Is Player Power Ruining Football for Fans?

For around the first 100 years of their existence professional footballers were treated much like workers in other industries. The employers held most of the cards and players received a rough deal. They had barely adequate pay, lacked influence and no real freedom of movement.

Dickensian football club chairmen treated sportsmen like servants, simply indefensibly. The present anarchy is just as indefensible.

It is now 50 years since the maximum weekly wage for footballers was set at £20. This was £5 more than the then average industrial weekly wage. How things have changed! The boot is well and truly on the other foot, player power is the only power.

Normally a contract is a binding agreement between two parties for performing a specified act in exchange for payment. There is nothing binding about a footballer’s contract. It’s a meaningless piece of paper. The only purpose it serves in practice is to increase the transfer fee when the player, ably supported by his agent, decides to break the contract.

Players’ rights are infinite. If they wish they can insist on sticking to the letter and length of their contract being respected. We’ve had multi-millionaire players who prefer to sit on the bench for years and collect a fortune rather than be transferred. Others choose to see out their contract and leave to stuff their already full pockets ‘on a Bosman’.

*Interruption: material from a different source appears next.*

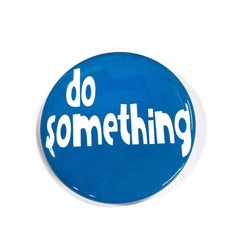 round blue button with the words do something in white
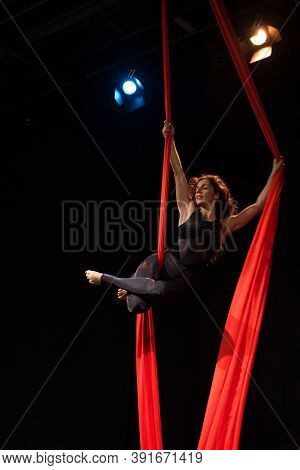 Young woman does aerial acrobatics with red fabrics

If a player decides to break his contract and move on – to play in Europe, to the club of his dreams, to experience football in another country, to be closer to his family, to be in a more pleasant city or whatever — the Club can nothing other than sell the player. Some of these may be legitimate reasons but usually they are pure nonsense, a transparent excuse for wanting even more money.

So why the surprise because one of the very best players in the world wants to leave the club that was Europe’s most successful last season? Despite Ferguson’s understandable protestations and threats, Ronaldo will have his way. Like all of his star professional colleagues he is a mercenary pure and simple. Concepts like loyalty and respecting legal obligations cut no ice.

The harsh reality is that fans need to come to terms with the fact that we support players primarily motivated by monetary gain and who don’t give a toss for the badge on the shirt.